I am sorry but I couldn’t get any documentation or help to reorganize tflite output.
num_masks = 32
num_classes = 4
num_predictions = 8400
output2 = np.reshape(output2, (num_predictions, 4 + num_classes + num_masks)) # reshape to [num_predictions, 4 + num_classes + num_masks]
boxes = output2[:, :4]
scores = output2[:, 4:5]
classes = output2[:, 5:5+num_classes]
masks = output2[:, 5+num_classes:]
print("BOX: ",boxes[:1])
print("SCORE: ",scores[:1])
print("CLASS: ",classes[:1])
This should be good right if I am properly ordering,
I should have boxes with their scores and class labels?
But the values in labels and scores are just not making sense. Do I need to apply any other formatting which I am missing ?
BOX: [[ 3.5684 9.4033 16.021 20.085]]
SCORE: [[ 24.542]]
CLASS: [[ 31.756 33.959 37.623 39.702]]
Score of 24.542 ? and class labels of above 30? If the class labels are somehow in 01 range, i would apply argmax, but here they just seem like coordinates of bbox, all of the numbers in some order.
It seems like you may have a flipped dimension. If the output you are seeing is out.shape=[1,40,8400]
, then the first candidate detection would be out[0,:,0]
which would have shape out[0,:,0].shape = [1,40,1]
. The 40 elements are [xc, yc, w, h, c1, c2, c3, c4, m1, m2, ..., m32]
. So, you could reuse the NMS that was working for you previously by passing out[:,:8,:]
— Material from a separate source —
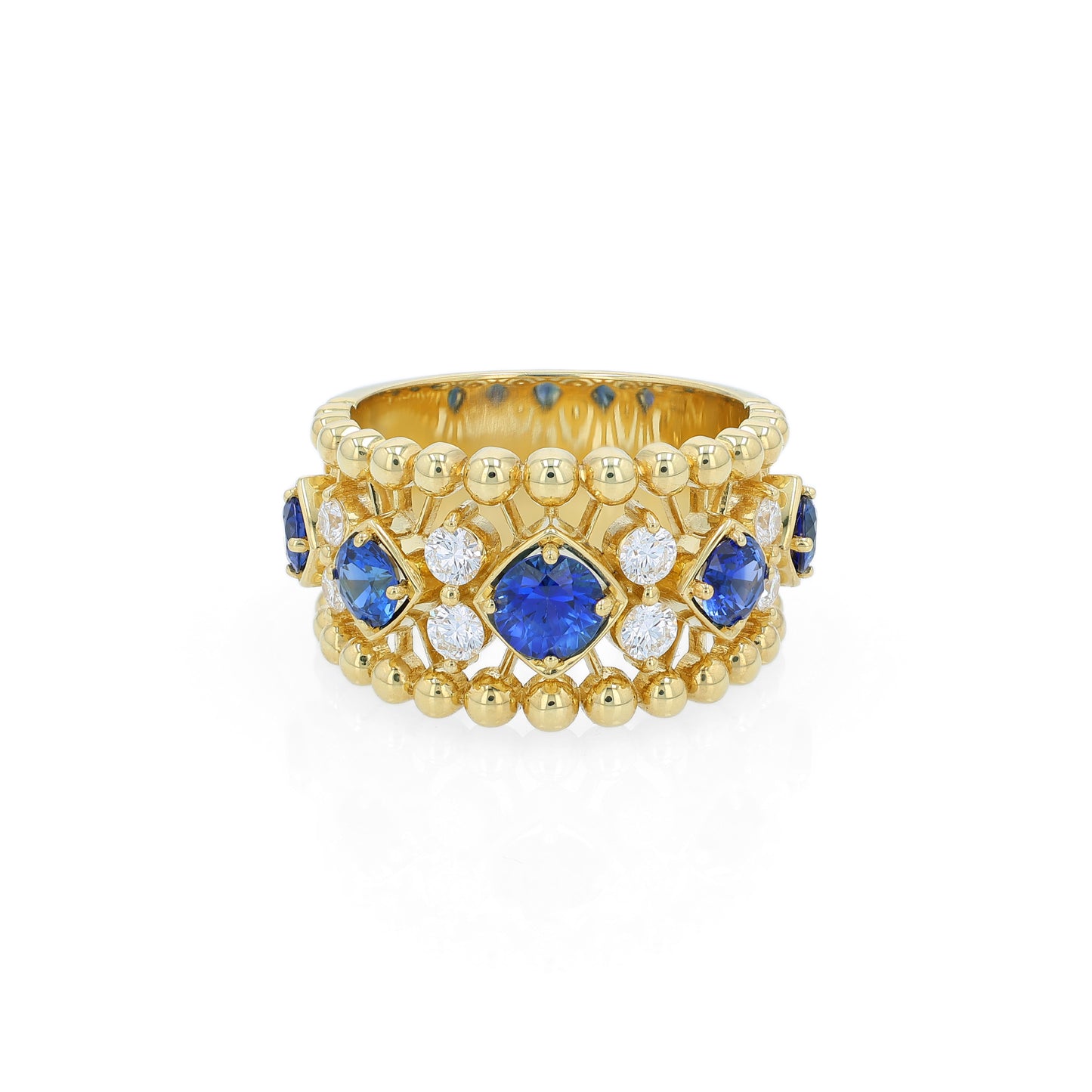 Yellow gold open work ring with diamond and blue sapphire accents on a white background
. If you do this, you need to keep track of which indices made it through NMS so you can match up the 32 element mask vectors. Alternatively, you can update your NMS function to handle the larger input vectors and essentially ignore the extra 32 elements (but keep them around so that you can compute the masks for each prediction after NMS).